Editors’ Note

Just before Christmas friends and colleagues phoned and emailed to ask if we’d seen the latest NEA report on the decline of reading. The report could be interpreted as alarming, but it is in the optimistic nature of Narrative’s enterprise that the news was relayed to us as an affirmation of what we’re doing. Here’s the essence of the report, in case you haven’t seen it.

Annual book sales per person are steadily trending downward. Average household spending on books, adjusted for inflation, fell to a twenty-year low in 2005, though book prices were rising. The number of adult readers capable of making a meaningful comparison of viewpoints in two editorials has declined in the past decade to 13 percent of the population, and among high school seniors, only 35 percent are proficient readers.

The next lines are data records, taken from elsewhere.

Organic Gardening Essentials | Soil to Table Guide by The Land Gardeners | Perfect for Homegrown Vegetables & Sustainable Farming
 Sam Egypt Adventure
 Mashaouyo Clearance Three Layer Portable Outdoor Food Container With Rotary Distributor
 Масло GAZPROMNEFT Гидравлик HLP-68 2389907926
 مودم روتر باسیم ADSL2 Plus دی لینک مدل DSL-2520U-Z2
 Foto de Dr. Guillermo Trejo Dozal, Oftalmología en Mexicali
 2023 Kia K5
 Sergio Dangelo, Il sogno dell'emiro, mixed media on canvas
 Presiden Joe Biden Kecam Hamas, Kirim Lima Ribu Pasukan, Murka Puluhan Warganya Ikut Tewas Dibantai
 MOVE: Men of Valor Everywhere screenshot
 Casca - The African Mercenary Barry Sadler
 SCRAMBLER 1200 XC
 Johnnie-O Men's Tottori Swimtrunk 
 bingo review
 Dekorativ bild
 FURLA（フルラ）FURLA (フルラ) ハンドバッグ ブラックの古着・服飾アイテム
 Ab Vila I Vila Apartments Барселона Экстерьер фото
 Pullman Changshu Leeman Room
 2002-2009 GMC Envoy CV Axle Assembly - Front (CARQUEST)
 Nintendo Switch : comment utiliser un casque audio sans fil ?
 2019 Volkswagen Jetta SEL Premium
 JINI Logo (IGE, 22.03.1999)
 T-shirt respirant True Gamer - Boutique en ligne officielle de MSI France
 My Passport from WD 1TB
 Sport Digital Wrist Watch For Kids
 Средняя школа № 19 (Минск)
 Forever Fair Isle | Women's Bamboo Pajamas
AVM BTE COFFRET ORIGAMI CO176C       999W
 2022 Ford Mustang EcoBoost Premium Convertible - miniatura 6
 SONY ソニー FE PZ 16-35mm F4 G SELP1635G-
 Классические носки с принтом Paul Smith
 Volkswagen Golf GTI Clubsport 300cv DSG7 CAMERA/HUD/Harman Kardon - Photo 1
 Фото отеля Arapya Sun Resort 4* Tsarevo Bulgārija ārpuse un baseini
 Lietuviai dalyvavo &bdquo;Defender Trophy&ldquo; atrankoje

Overall the steepest declines in reading have been in the category of literary reading, and the full spectrum of losses in reading are taking place not only in the United States but also worldwide.

These trends are troubling, given that good readers are more likely than others to participate in all areas of culture, but the decline of reading may be viewed as less than terminal when viewed in historical perspective. Mass literacy, or general reading as we think of it today, dates from the mid-nineteenth century, a short hundred and fifty years ago. The changes occurring now may simply be an evolutionary aspect of media inevitably moving us toward more pictorial and auditory forms.